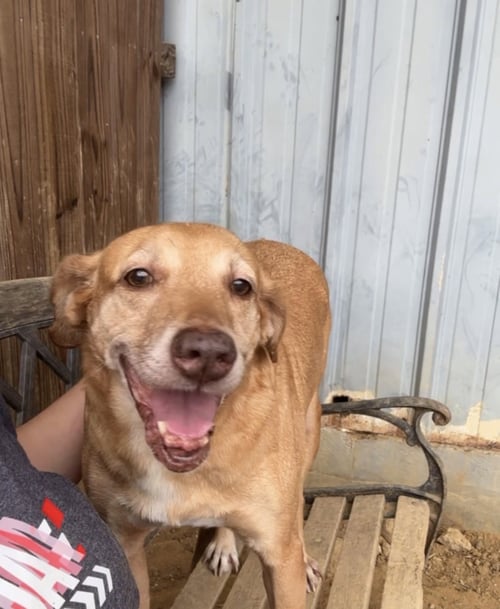 POPPY - Hound available for adoption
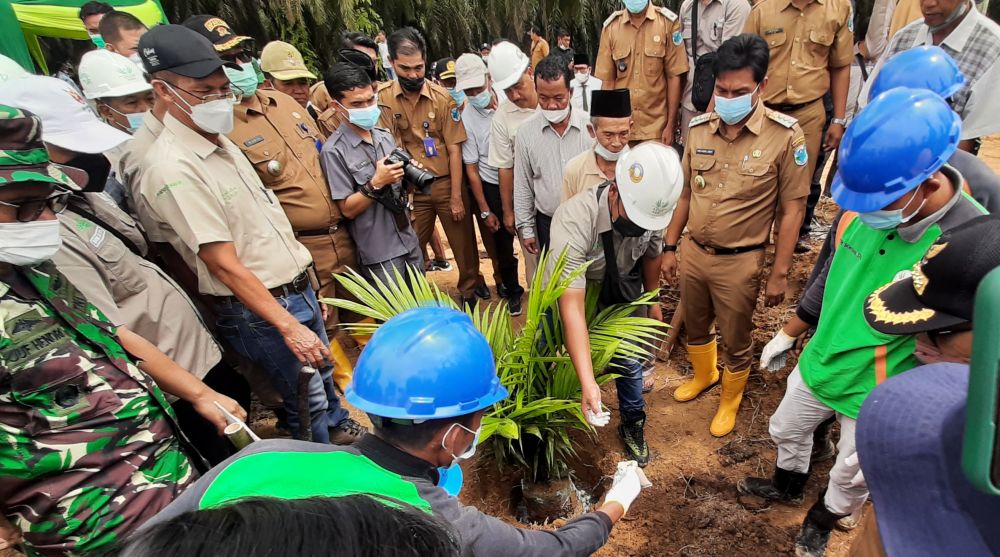 Bupati M Fadhil Arief Saat tanam perdana sawit 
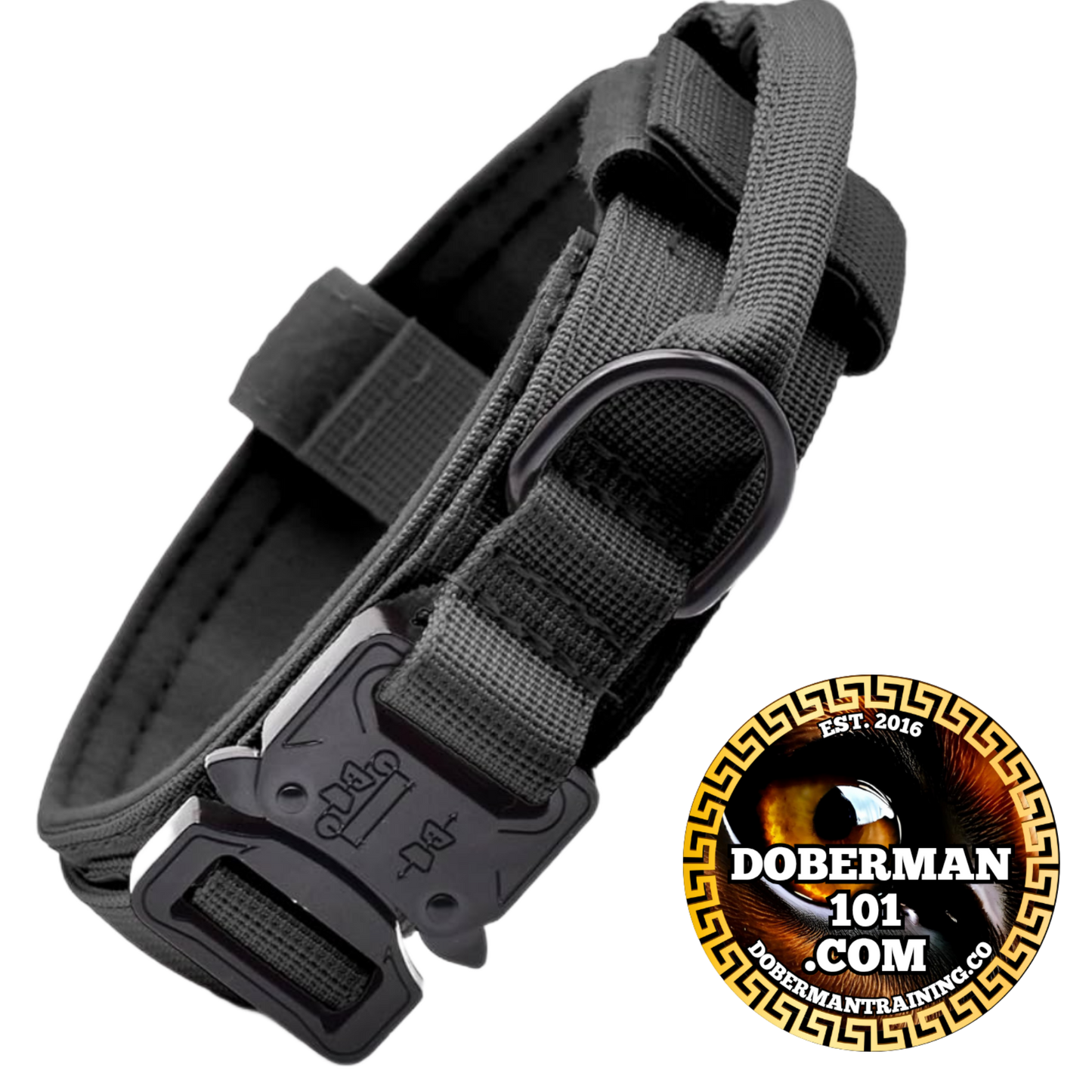 Tactical Collar, Audio Training Guides & Coaching Combo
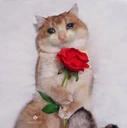 CE_sadcat6 emote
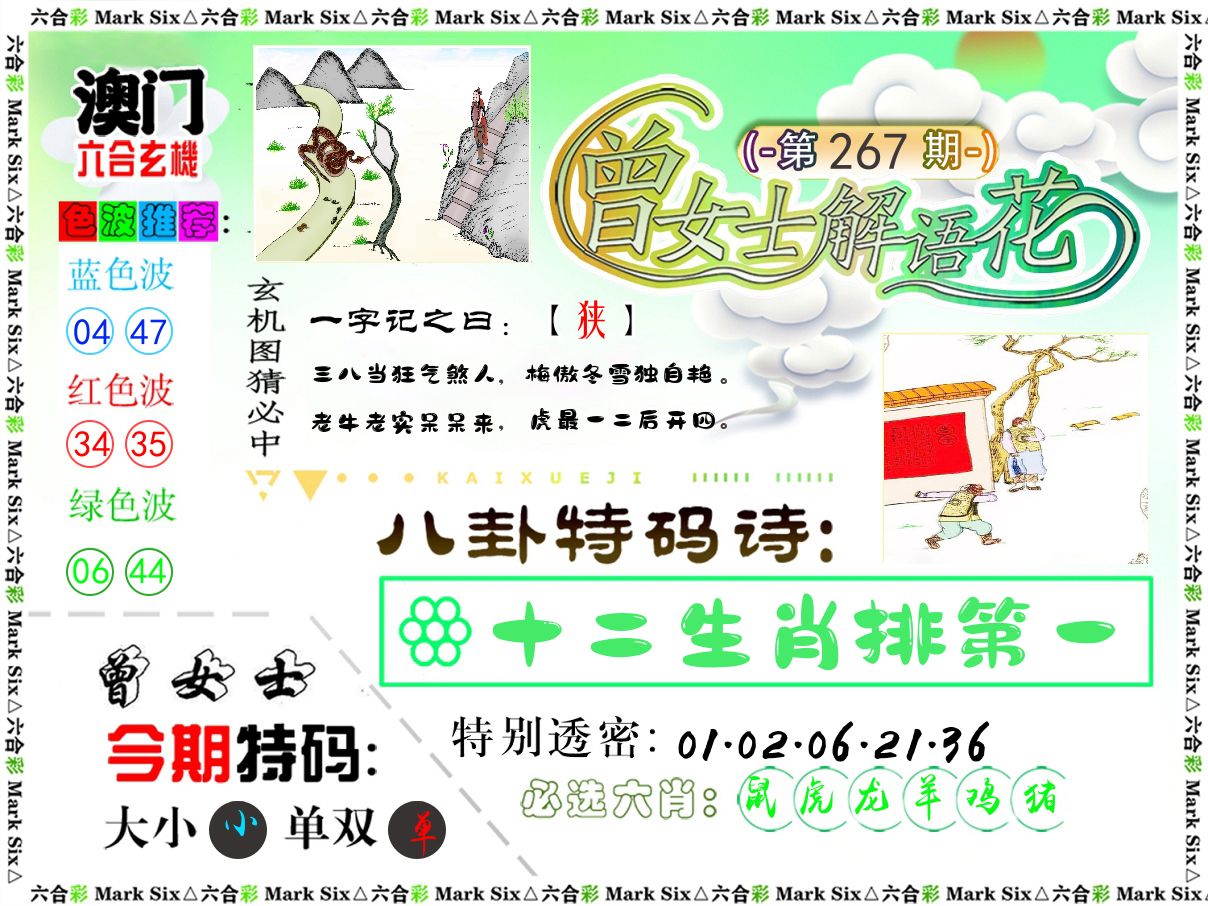 曾女士解语花 第267期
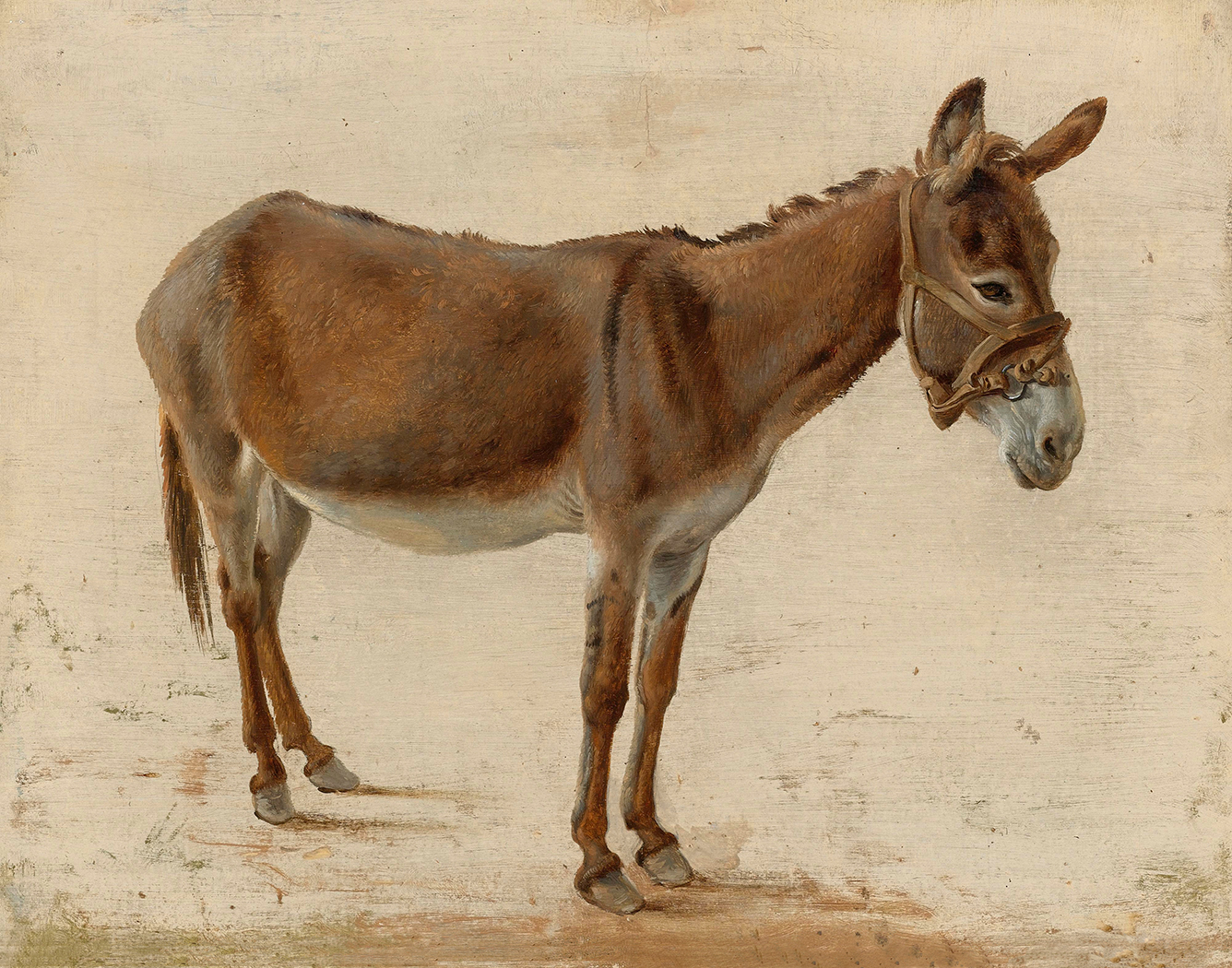 Farm/Pastoral Farm Brown Donkey Framed Oil Painting Print ...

= = = = =

§ PROBLEM TO SOLVE:
Where the line containing "Tactical Collar, Audio" appears in the records above, begin copying and continue exactly through the last line, with nothing else; omit every picture.

§ TASK SOLUTION:
 Tactical Collar, Audio Training Guides & Coaching Combo
 CE_sadcat6 emote
 曾女士解语花 第267期
 Farm/Pastoral Farm Brown Donkey Framed Oil Painting Print ...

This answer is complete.